Désolé d'avoir laissé votre question en suspens. Les surréalistes accordent une grande importance aux rêves et à l'onirisme : leur fascination pour l'artiste chrétien Jérôme Bosch a pu faire croire que celui-ci était lui-même un peintre "surréaliste" ou "fantastique". Il n'en est rien : Bosch est un peintre réaliste chrétien. Sa peinture traduit assez scrupuleusement l'idée évangélique selon laquelle le monde ou la société n'est rien qu'un mauvais rêve ou un cauchemar, peuplé de monstres (à comparer avec le christianisme social truqué des élites occidentales, dénoncé par Shakespeare).
C'est une réalité extérieure au monde qui est supérieure du point de vue chrétien (une partie de l'Antiquité pensait de même), tandis que les fantasmes et les rêves sont le propre de l'homme, de nature pécheresse inférieure.

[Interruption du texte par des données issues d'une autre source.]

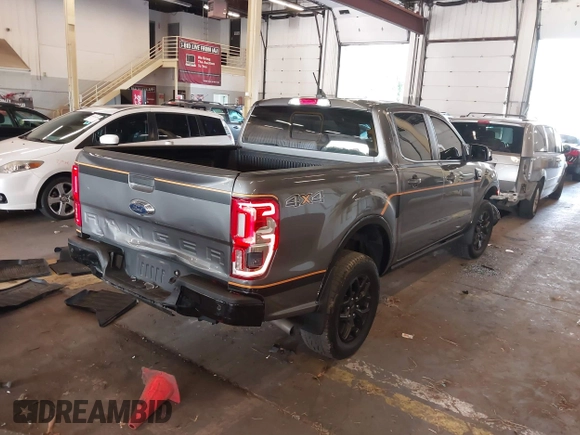 2022 Ford Ranger XL with VIN 1FTER4FH2NLD14366, listed as a IAAI auction lot 40423059 with 44,504 mi miles. Bid and sale history available at carsss.com. Image 4.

Bosch et les surréalistes ont donc sur le sujet du rêve des conceptions antagonistes ; ils ont seulement le thème du rêve en commun.
- Quant à la psychanalyse, elle se situe au milieu, dans la mesure où elle ne prend pas vraiment parti pour ou contre les rêves. La psychanalyse est faite au départ pour soigner de grandes bourgeoises allemandes de leur puritanisme excessif. Or le puritanisme a une dimension onirique extraordinaire, qui dépasse peut-être même en puissance certaines drogues. Il n'est pas difficile de déceler le puritanisme chez un drogué, de même que le puritanisme indique une prédisposition à la prise de produits stupéfiants.
Le problème des surréalistes est le même que celui des alcooliques, qui interprètent tout à travers le dernier verre d'alcool qu'ils ont bu.